HubSpot is an all-in-one customer platform that brings together CRM, marketing automation, sales tools, customer service, and content management in a single connected system. Founded in 2006 and built on the principle of inbound marketing, HubSpot has grown into one of the most widely used revenue platforms for small and mid-sized businesses globally. Its free CRM tier makes it accessible to early-stage companies, while its paid hubs scale to support complex enterprise operations. Explore the platform at HubSpot.
How HubSpot Is Structured
HubSpot is organized around hubs that each serve a different function. The Marketing Hub covers email marketing, landing pages, ad management, and marketing automation. The Sales Hub covers pipeline management, email sequences, meeting scheduling, and deal tracking. The Service Hub covers ticketing, knowledge base management, customer feedback, and live chat. The CRM is the foundation that connects all hubs, ensuring that contact and interaction data is shared across marketing, sales, and service without manual data transfer.
The HubSpot CRM
The HubSpot CRM stores all contacts, companies, deals, and tickets in a unified database.
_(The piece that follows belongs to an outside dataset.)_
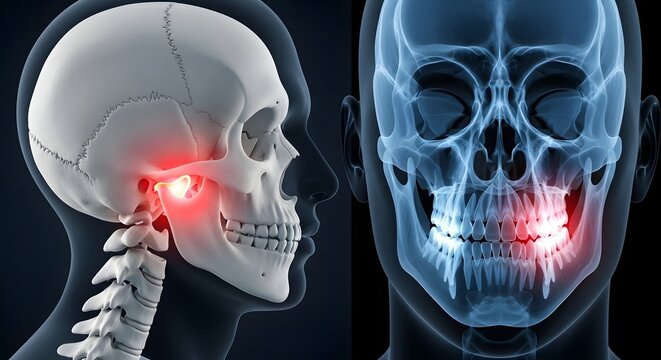 Jaw joint pain and dental toothache diagnosis. Temporomandibular joint disorder and oral health. X-ray view of a human skull showing inflammation in the jaw and molar teeth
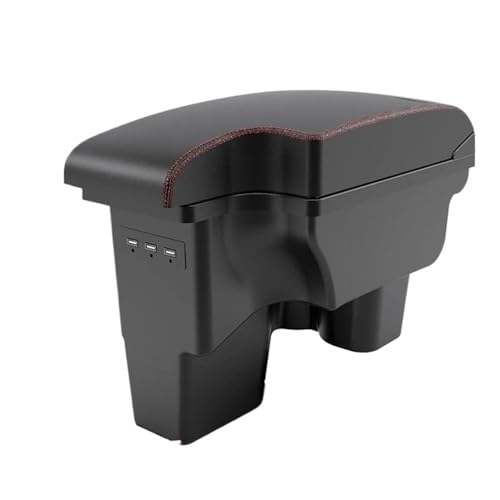 SPAMFAFGHQ Für Toyota Für Hilux Armlehnenbox Innenraumumbau Teile Auto-Armlehnen Aufbewahrungsbox(A1 Black red Corium) von SPAMFAFGHQ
Every interaction — email, call, meeting, note, and form submission — is automatically logged against the relevant contact and company record. This creates a complete interaction history for every relationship that any team member can access instantly, giving sales, marketing, and service teams the context they need to deliver a consistent and informed customer experience.
Why Businesses Choose HubSpot
HubSpot’s primary advantages over alternatives like Salesforce and Pipedrive are its all-in-one approach, its relatively low implementation complexity, and its generous free tier. Teams that want their marketing, sales, and service tools in a single platform with native integration between them — without the cost and complexity of Salesforce — consistently find HubSpot to be the right fit. It is particularly strong for businesses that rely on inbound marketing and need tight alignment between marketing activity and sales pipeline.